February 9, 2021 | AtoZ Markets – The family of Alex Kearns, a novice stock trader who killed himself have filed a lawsuit against trading app Robinhood over his death. The lawsuit, filed in Santa Clara County, California, seeks unspecified damages on behalf of the parents and sister of Kearns for wrongful death, negligent infliction of emotional distress and unfair business practices.
Robinhood sued for wrongful death of Alex Kearns
Mr Kearns, a student at the University of Nebraska-Lincoln, was 20 when he took his life last June after he misunderstood a potential loss from a stock options trade.
In the lawsuit, Mr Kearns' parents and sister assert that Robinhood employed "aggressive tactics and strategy to lure inexperienced and unsophisticated investors, including Alex, to take big risks with the lure of tantalizing profits".
Robinhood also provided little or no investment guidance to its users, and its customer service was limited to automated e-mails, according to the complaint.
In an interview with CBS News, Kearns' parents noted that before committing suicide, he unsuccessfully tried to contact support.
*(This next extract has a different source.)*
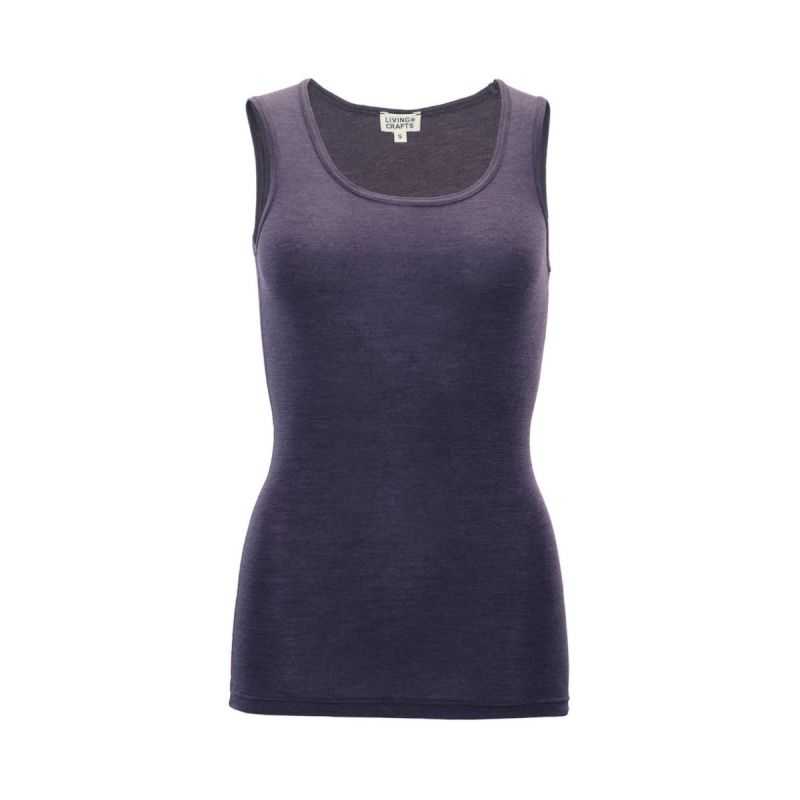 Maillot de corps "BERYLE" - Laine bio & Coton bio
Mr Kearns received emails from Robinhood shortly after 11pm on June 11, informing him that his account was restricted and that he was required to buy $700,000 in shares as a result of an options trade, according to the lawsuit.
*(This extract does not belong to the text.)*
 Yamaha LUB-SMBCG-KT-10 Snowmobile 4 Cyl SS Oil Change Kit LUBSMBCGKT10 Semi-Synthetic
That left his account with a negative balance of $730,000 on a trade that he had understood would be limited to a maximum loss of less than $10,000, the lawsuit said.
Mr Kearns, desperate for answers, sent several emails to Robinhood's customer support, but only received auto-generated replies, according to the lawsuit.
In the early hours of the following day, he got an email from Robinhood saying he needed to deposit more than $178,000 within seven days to begin to address the negative balance, according to the lawsuit.
"Tragically, Robinhood's communications were completely misleading, because, in reality, Alex did not owe any money," the lawsuit said.
It claimed he held options in his account that more than covered his obligation, and the massive negative balance would have been erased by the exercise and settlement of these.
"This resulted in a highly distressed mental condition in Alex, an uncontrollable impulse to (kill himself) as the only option he could see," according to the lawsuit.
SEC Fined Robinhood $65 Million
In December 2020, Robinhood's marketing activities caught the attention of the Securities Department of the Massachusetts Commonwealth Secretariat. They said the platform exposes clients to "unjustified trading risks" and "does not meet fiduciary standards."
In the same month, the US Securities and Exchange Commission fined Robinhood $65 million for misleading users by claiming that the service did not charge trading fees.
Recall that at the end of January 2021, the platform was at the epicenter of the scandal around the shares of GameStop and the Dogecoin cryptocurrency.
On February 18, the US House of Representatives Financial Services Committee will examine Robinhood's actions. Legislators are interested in collusion between the service and hedge funds.